I was in 4th and 5th grade when I lived in the Philippines and El Salvador. I saw extreme poverty, where public schools lacked books, where children and sick people begged on the street. In the Philippines, we travelled to rural areas where I saw people who worked in rice fields and live in huts on stilts. Their children were skinny, but not starving. That was the middle class. In Manilla, the Americans and very rich, lived in a walled city around or near the army base. We went there for Halloween, and the poor kids would sneak in and try to get candy from the rich houses. One of the moms told me she only gave candy to kids in costume, since she didn’t want to encourage that kind of behavior. I wondered why I was allowed to get free candy and these other kids couldn’t. Would it be okay if they came back next year in costume, pretending not to be so poor and hungry?

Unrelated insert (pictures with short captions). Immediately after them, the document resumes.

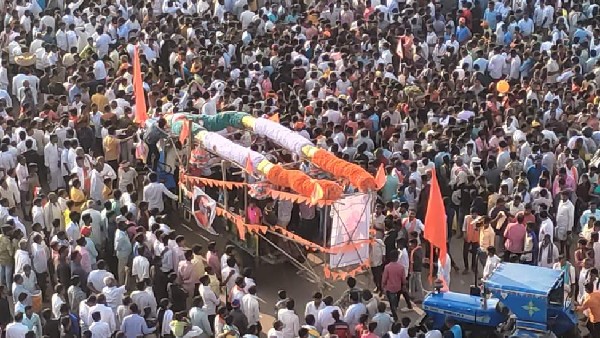 More Than 5 Lakhs Devotees Witness In Koppal Gavisiddeshwara Jatra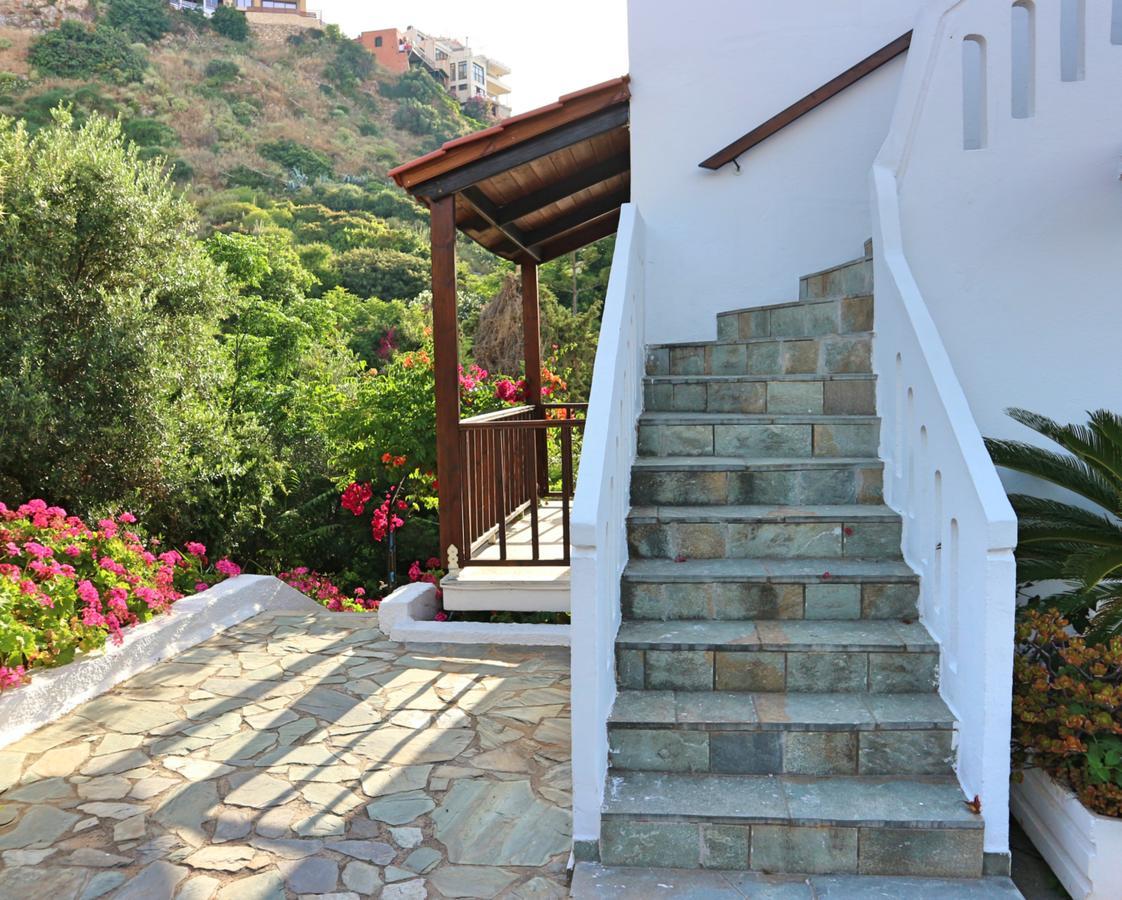 Oliaria Apartments ปลาเตเนียส ภายนอก รูปภาพ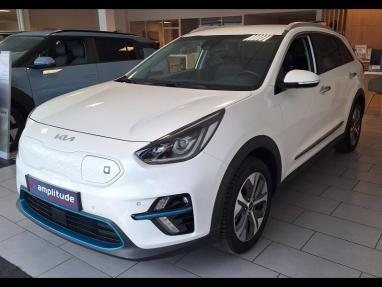 Voir le détail de l'offre de cette KIA e-Niro Design 204ch de 2022 en vente à partir de 195.34 €  / mois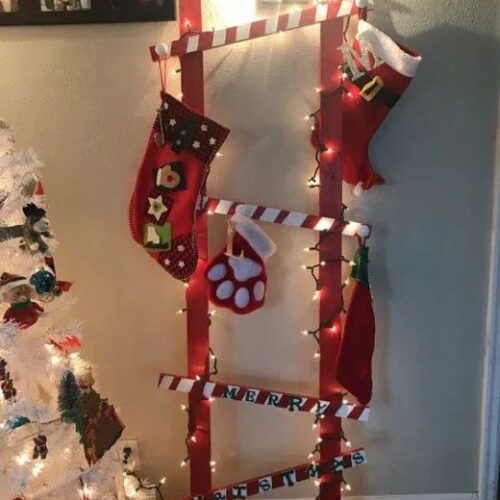 33 INSANELY CUTE DIY CHRISTMAS LADDERS IDEAS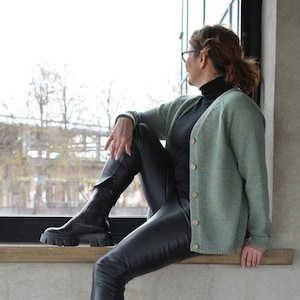 Alpaca 100%. alpaca cardigan with V-neck, for office and every day, women&#39;s alpaca cardigan with buttons, , oversize cardigan,gift for her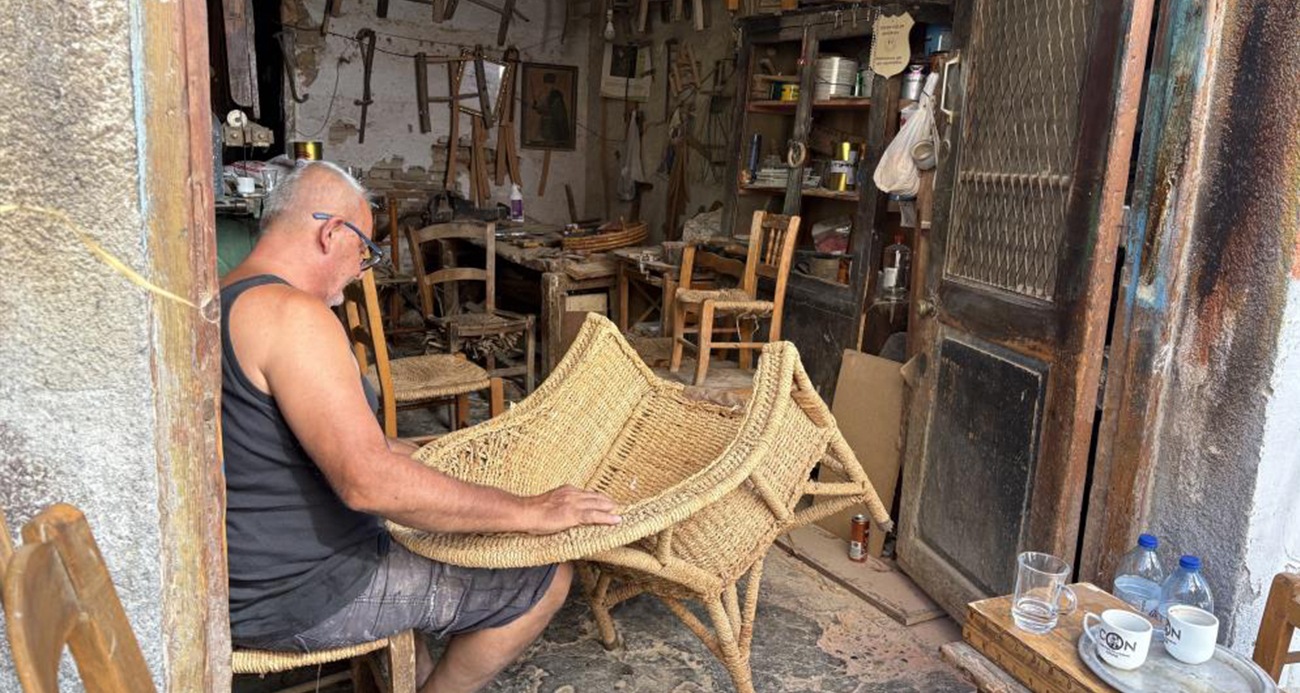 KKTC'de yaşayan 66 yaşındaki Öke, hasır iskemle geleneğini sürdürüyor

In El Salvador, there was a soccer field near my house, and up the hill beyond an overgrown area, in the shadow of the Sheraton Hotel, there was a place where people lived packed together in little shacks made of metal roofing material with no running water or electricity. We didn’t live behind walls in air-conditioned houses as some of my friends did, but we were members of the Brittish-American club down the street where we could swim in the pool. Sometimes, I would see kids my age with dark hair and wide brown eyes peering over the wall at the pale kids splashing each other with moms sitting in the sunshine with their big sunglasses and iced drinks.

One day my mom came home from the bank. I think she was in shock, because she told me she had just seen someone shot by the police. “Because they were poor,” she told me. Perhaps oversimplifying the situation, perhaps not.

When I came back to the United States, I was acutely aware of how privileged I was, how wealthy my family, relative to many of the people of the world, despite being middle class in America.

And now?

In the intervening years, I’ve seen my country decline for the majority of the population, while the rich become richer. I hope that by illustrating this contrast, or lack of contrast, between these worlds, more people will see what is happening around us. With awareness, I hope we can work together to change it.

In my little corner of the world, I’m volunteering in way that I believe makes a difference. I think government policies could have more of an impact, but that’s not really my area of expertise, so I focus on education, where individual effort can have significant impact. I do this work with Bridge Foundry and its related volunteer initiatives. If you see the same trends that I do, and you have a job or have skills to share, get involved. Make a difference.